(Records contained in a dataset)
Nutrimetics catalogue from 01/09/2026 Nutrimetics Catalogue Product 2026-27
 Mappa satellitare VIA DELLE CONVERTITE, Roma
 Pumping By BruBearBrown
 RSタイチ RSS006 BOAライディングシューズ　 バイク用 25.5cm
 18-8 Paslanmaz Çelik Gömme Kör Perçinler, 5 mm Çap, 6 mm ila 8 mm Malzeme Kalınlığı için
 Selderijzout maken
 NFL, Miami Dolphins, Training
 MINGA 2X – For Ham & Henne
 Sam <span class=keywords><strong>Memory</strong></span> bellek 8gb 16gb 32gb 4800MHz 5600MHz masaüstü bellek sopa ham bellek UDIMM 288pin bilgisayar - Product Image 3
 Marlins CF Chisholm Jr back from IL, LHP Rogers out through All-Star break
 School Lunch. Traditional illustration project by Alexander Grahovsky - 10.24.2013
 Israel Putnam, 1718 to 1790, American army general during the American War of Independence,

* [About this task]:
Write out exactly the lines that begin at the one containing "NFL, Miami Dolphins, Training" and continue through the last line of the data, and only those.

* [Completed task]:
 NFL, Miami Dolphins, Training
 MINGA 2X – For Ham & Henne
 Sam <span class=keywords><strong>Memory</strong></span> bellek 8gb 16gb 32gb 4800MHz 5600MHz masaüstü bellek sopa ham bellek UDIMM 288pin bilgisayar - Product Image 3
 Marlins CF Chisholm Jr back from IL, LHP Rogers out through All-Star break
 School Lunch. Traditional illustration project by Alexander Grahovsky - 10.24.2013
 Israel Putnam, 1718 to 1790, American army general during the American War of Independence,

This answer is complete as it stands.